(The data)

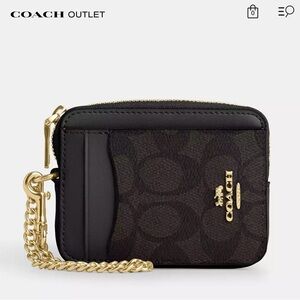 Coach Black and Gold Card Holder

(End The data)
(The data)

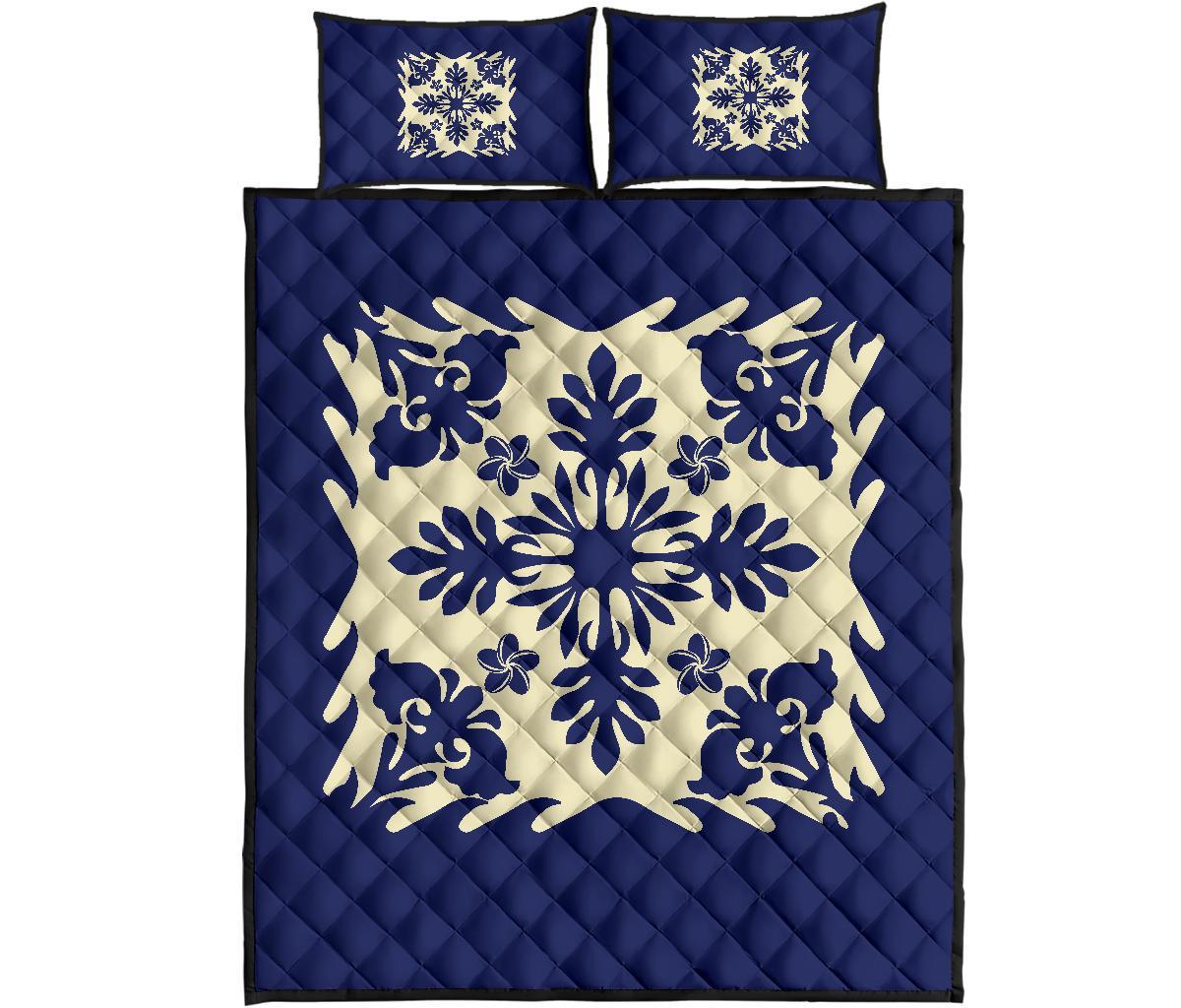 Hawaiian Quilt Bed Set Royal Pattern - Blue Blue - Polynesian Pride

(End The data)
(The data)

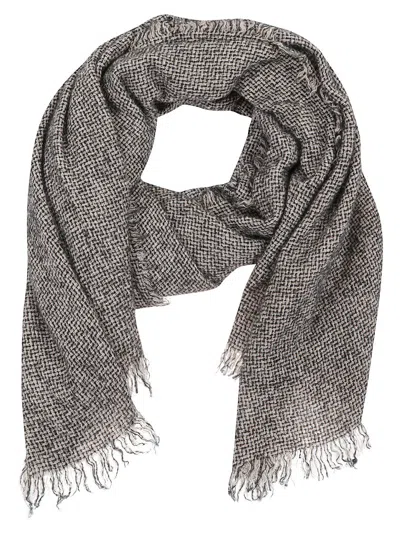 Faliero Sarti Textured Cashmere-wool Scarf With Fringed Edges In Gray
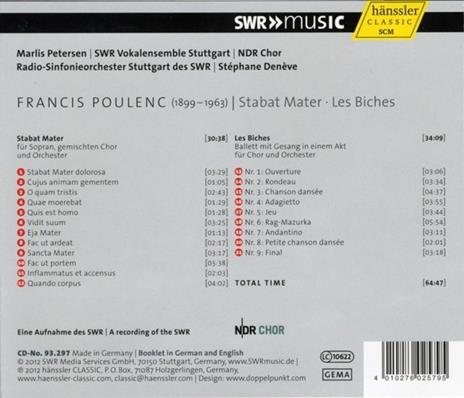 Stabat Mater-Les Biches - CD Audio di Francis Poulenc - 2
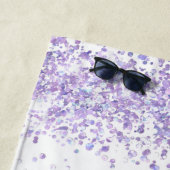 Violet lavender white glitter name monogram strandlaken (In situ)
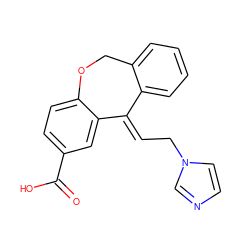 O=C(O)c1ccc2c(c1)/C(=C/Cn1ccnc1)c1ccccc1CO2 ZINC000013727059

(End The data)

- Work order:
How would the lines above read from the one with "Faliero Sarti Textured" to the one with "O=C(O)c1ccc2c(c1)/C(=C/Cn1ccnc1)c1ccccc1CO2 ZINC000013727059", inclusive, with no pictures? Write them out exactly.

- Task answer:
 Faliero Sarti Textured Cashmere-wool Scarf With Fringed Edges In Gray
 Stabat Mater-Les Biches - CD Audio di Francis Poulenc - 2
 Violet lavender white glitter name monogram strandlaken (In situ)
 O=C(O)c1ccc2c(c1)/C(=C/Cn1ccnc1)c1ccccc1CO2 ZINC000013727059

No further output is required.